The African Diaspora

“I am interested in things that lead to economic advancement for people. That began the dialogue with BMC. It seems to me that is what we are trying to do with our advocacy.”
– Shawn Rochester, BMC Thought Leadership, Author, The Black Tax

The African Diaspora was officially named the sixth region of Africa in 2003 by the African Union. This recognized the significance of the global African diaspora community and also encouraged their participation in the continent of Africa.

The African diaspora is the worldwide collection of communities descended from native Africans or people from Africa, predominantly in the Americas. The term most commonly refers to the descendants of the West and Central Africans who were enslaved and shipped to the Americas via the Atlantic slave trade between the 16th and 19th centuries, with their largest populations in the United States, Brazil, and Haiti. However, the term can also be used to refer to the descendants of North Africans who immigrated to other parts of the world. Some scholars identify the “four circulatory phases” of this migration out of Africa. The phrase African diaspora gradually entered common usage at the turn of the 21st century. The term diaspora originates from the Greek διασπορά which gained popularity in English in reference to the Jewish diaspora before being more broadly applied to other populations.

Much of the African diaspora became dispersed throughout the Americas, Europe, and Asia during the Atlantic, Trans-Saharan and Indian Ocean slave trades. Beginning in the 8th century, Arabs took African slaves from the central and eastern portions of the African continent (where they were known as the Zanj) and sold them into markets in the Middle East, the Indian subcontinent, and the Far East. Beginning in the 15th century, Europeans captured or bought African slaves from West Africa and brought them to the Americas and to Europe. The Atlantic slave trade ended in the 19th century.[42] The dispersal through slave trading represents the largest forced migrations in human history. The economic effect on the African continent proved devastating, as generations of young people were taken from their communities and societies were disrupted. Some communities formed by descendants of African slaves in the Americas, Europe, and Asia have survived to the present day. In other cases, native Africans intermarried with non-native Africans, and their descendants blended into the local population.
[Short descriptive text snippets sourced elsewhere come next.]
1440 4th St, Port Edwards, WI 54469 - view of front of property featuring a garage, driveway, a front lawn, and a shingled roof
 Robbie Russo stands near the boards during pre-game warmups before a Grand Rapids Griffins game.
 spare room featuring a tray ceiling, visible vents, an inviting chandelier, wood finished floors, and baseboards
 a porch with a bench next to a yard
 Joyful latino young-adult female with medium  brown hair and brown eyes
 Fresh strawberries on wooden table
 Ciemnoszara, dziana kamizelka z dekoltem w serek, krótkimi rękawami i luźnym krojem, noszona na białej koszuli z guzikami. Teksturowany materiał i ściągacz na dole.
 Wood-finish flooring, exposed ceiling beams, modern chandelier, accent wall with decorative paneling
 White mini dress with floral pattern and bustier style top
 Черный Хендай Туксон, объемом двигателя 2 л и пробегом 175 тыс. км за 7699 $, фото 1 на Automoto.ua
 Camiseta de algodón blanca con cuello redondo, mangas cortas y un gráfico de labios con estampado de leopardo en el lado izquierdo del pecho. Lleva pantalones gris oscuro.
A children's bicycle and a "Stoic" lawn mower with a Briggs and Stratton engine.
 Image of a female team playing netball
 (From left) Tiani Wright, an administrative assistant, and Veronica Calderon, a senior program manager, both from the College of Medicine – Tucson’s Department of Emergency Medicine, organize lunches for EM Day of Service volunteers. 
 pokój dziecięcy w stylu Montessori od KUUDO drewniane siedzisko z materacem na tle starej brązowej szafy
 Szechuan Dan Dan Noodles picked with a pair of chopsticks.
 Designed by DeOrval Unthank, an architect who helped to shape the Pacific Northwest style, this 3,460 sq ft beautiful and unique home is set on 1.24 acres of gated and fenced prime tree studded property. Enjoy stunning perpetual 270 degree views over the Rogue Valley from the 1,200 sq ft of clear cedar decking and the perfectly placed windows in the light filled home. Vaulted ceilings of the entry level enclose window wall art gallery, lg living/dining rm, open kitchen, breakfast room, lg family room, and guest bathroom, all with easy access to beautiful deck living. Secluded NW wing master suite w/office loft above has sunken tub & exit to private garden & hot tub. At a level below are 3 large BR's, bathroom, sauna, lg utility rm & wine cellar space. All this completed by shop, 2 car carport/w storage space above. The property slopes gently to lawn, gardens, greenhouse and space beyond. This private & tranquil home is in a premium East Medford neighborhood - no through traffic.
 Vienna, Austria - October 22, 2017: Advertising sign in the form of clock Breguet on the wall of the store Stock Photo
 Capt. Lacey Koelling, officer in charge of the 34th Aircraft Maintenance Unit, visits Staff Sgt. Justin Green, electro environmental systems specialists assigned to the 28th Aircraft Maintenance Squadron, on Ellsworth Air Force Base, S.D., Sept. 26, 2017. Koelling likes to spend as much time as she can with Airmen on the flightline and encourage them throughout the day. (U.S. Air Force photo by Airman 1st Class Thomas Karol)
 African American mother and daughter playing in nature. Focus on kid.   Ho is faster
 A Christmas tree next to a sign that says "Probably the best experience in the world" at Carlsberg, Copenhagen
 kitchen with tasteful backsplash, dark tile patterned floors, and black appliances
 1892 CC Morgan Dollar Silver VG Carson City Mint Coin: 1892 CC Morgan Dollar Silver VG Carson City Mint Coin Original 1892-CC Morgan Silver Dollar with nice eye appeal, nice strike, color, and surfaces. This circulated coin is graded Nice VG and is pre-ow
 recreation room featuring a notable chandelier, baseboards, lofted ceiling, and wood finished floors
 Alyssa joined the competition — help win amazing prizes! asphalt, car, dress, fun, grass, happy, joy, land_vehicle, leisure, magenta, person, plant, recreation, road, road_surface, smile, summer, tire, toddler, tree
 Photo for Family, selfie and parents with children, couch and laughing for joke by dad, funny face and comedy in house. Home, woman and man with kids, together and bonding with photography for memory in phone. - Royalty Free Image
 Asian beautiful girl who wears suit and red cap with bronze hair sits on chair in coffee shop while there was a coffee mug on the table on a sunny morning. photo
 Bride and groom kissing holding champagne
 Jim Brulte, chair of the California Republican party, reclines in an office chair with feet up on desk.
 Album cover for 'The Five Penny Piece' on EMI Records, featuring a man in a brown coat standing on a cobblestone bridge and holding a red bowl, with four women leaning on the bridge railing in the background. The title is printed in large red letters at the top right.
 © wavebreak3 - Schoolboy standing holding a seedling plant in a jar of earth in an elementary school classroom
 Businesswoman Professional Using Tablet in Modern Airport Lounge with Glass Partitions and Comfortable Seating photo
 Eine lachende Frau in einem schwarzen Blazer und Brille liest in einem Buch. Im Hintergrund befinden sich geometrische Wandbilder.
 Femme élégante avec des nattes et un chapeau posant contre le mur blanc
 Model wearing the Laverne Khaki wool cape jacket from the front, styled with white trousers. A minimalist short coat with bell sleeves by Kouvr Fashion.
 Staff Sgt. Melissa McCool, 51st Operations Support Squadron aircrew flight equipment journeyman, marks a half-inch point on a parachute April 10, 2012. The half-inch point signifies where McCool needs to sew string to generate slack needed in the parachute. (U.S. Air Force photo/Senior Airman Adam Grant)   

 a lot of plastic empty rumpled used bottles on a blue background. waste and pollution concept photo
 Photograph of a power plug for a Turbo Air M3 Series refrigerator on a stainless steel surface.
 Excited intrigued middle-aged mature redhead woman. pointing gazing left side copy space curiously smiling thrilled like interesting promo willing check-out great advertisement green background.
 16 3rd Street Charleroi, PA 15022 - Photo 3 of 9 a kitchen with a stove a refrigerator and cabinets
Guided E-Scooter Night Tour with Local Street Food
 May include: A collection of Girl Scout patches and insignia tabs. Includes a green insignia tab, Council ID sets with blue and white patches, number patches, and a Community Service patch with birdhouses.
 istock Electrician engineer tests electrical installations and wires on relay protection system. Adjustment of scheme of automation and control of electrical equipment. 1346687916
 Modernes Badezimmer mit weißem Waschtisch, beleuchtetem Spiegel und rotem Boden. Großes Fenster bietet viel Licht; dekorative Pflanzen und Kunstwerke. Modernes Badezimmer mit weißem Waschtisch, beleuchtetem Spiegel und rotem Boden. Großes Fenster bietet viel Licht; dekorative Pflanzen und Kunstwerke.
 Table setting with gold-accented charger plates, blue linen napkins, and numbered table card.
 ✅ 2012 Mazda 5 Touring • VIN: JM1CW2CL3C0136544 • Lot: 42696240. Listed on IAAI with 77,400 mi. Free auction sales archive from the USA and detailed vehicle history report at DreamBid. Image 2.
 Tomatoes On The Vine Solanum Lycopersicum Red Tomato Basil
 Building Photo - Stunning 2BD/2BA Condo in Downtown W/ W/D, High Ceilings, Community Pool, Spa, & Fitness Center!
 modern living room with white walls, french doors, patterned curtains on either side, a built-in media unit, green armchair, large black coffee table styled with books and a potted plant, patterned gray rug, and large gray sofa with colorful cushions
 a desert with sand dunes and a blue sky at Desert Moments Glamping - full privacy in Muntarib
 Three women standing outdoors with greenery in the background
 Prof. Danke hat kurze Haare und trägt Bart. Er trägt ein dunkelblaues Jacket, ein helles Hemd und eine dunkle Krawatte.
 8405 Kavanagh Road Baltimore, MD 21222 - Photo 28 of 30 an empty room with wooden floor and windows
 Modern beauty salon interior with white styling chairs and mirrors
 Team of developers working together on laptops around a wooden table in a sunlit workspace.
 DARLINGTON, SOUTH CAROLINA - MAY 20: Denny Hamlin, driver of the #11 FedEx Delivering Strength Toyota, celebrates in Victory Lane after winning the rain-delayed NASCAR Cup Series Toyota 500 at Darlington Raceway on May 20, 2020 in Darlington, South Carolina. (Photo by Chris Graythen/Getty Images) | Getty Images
In the Americas, the confluence of multiple ethnic groups from around the world contributed to multi-ethnic societies. In Central and South America, most people are descended from European, Amerindian, and African ancestry. In Brazil, where in 1888 nearly half the population descended from African slaves, the variation of physical characteristics extends across a broad range. In the United States, there was historically a greater European colonial population in relation to African slaves, especially in the Northern Tier. There was considerable racial intermarriage in colonial Virginia and other forms of racial mixing during the slavery and post-Civil War years. Jim Crow and anti-miscegenation laws passed after the 1863–1877 Reconstruction era in the South in the late-19th century, plus waves of vastly increased immigration from Europe in the 19th and 20th centuries maintained much distinction between racial groups. In the early-20th century, to institutionalize racial segregation, most southern states adopted the “one-drop rule”, which defined and recorded anyone with any discernible African ancestry as “black”, even those of obvious majority native European or of majority-Native-American ancestry.